The reason I start this topic is to discuss if anyone has any reason to choose a certain minlen value for the --trimmomatic-options=“MINLEN:”.
My review of literature revealed that researchers tend to either leave kneaddata on default parameters, or choose a MINLEN without justifying why that exact threshold was chosen.
I am having a hard time deciding the minimum length I want my reads to be. I understand (and expect) that this question would be answered differently depending on sequencing depth, research objectives, assembly or profiling approaches, etc.

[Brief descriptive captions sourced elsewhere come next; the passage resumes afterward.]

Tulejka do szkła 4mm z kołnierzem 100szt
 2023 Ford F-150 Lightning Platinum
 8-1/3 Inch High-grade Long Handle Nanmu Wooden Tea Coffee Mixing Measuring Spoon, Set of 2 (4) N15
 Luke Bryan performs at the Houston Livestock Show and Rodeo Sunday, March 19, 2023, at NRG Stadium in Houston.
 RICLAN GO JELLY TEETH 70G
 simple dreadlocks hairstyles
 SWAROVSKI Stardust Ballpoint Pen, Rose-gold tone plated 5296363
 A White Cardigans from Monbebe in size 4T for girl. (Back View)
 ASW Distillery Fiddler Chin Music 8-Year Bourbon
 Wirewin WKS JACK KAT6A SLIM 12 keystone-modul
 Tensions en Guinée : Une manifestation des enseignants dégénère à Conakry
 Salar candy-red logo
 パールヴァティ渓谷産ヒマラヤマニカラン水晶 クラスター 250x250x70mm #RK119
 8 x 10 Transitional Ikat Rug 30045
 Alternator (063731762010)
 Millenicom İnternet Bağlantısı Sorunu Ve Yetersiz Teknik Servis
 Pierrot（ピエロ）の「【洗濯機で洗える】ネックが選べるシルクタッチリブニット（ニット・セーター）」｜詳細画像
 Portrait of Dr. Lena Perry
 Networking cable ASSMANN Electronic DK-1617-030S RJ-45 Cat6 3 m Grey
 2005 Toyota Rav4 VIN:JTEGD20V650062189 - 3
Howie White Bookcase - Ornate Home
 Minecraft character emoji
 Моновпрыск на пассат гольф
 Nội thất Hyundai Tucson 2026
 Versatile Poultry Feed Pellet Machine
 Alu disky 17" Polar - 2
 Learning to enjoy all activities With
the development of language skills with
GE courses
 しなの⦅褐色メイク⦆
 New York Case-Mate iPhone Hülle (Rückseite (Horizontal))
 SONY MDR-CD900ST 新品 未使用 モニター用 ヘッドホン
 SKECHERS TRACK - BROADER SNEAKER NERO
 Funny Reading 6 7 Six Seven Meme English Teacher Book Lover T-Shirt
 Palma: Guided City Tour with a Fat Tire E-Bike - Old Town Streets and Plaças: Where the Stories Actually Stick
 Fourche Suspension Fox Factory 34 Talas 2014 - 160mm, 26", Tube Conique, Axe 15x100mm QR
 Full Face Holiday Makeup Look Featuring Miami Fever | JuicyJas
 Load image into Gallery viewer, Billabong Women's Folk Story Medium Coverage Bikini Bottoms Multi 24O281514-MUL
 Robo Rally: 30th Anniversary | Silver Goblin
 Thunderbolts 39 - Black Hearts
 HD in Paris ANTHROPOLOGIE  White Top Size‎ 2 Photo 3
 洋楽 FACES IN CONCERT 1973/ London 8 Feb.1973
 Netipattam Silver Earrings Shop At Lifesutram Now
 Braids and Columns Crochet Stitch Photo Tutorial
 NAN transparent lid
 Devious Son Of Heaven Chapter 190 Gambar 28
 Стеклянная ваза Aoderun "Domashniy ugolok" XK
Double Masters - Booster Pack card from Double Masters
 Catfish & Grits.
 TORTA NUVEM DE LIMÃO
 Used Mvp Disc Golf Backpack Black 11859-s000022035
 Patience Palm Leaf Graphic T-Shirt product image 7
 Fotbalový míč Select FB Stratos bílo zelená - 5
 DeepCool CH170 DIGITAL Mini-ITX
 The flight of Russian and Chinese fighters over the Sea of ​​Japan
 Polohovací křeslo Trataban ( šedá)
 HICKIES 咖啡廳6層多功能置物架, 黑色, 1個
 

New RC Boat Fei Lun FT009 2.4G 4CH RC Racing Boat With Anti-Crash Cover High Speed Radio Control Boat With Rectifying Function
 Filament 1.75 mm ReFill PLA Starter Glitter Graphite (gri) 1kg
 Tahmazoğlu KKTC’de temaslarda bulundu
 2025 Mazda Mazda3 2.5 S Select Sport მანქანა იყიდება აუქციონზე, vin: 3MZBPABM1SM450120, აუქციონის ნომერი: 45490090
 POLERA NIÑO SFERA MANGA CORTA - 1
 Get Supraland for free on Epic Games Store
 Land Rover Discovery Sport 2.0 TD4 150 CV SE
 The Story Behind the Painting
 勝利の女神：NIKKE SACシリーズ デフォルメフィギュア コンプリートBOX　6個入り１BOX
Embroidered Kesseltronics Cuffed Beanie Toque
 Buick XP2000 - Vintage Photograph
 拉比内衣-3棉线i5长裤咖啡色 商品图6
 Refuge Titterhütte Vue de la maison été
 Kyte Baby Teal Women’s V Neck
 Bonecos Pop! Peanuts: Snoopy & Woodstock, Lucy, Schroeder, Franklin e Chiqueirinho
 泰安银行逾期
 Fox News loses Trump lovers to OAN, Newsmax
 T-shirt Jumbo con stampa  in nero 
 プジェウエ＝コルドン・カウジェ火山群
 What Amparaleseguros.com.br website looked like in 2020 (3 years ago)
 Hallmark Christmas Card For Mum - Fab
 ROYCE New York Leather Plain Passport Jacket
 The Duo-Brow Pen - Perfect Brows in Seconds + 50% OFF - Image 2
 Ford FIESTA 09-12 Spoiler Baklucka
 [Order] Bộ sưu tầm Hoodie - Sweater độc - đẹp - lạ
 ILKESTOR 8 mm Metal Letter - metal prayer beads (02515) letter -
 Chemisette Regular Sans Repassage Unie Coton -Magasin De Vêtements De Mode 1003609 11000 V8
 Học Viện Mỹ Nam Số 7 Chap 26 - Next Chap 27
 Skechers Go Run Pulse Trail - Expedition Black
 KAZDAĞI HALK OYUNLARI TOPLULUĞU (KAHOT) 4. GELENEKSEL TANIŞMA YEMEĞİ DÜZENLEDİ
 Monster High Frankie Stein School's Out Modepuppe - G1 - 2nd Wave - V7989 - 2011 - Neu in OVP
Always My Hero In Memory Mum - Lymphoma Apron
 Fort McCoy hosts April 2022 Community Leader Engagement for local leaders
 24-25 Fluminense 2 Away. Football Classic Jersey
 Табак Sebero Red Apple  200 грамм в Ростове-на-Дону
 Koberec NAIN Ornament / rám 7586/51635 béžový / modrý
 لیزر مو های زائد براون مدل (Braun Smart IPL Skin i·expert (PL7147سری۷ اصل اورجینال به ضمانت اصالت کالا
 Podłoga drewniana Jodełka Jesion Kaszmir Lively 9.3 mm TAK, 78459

Does anyone have any rationale to share, given context? For example, in the case of taxonomic profiling from reads, I would expect we should keep the reads closer to 150 bp (in the case of NovaSeq6000, which we used) and drop very small (20-30 bp long) ones. I feel like the few million 20 bp long reads (post trimming) won’t be much use and may even favour false positives or bias abundance calculations.
Then again, what threshold to choose? 40? 60 ? and what justifies these values ? I feel like researchers ofter just refer to what others have done, but if nobody ever question and measure the impact of such decisions, I think we’re not helping science. It might even be that choosing a minlen of 40 or 80 doesn’t really change anything, but I haven’t found anything supporting that either.
All that being said, I am looking forward to hear your rationales, or maybe sources you could point me to that I have missed (I have not been doing literature reviews for long so it is definitely possible that I might have missed important pieces).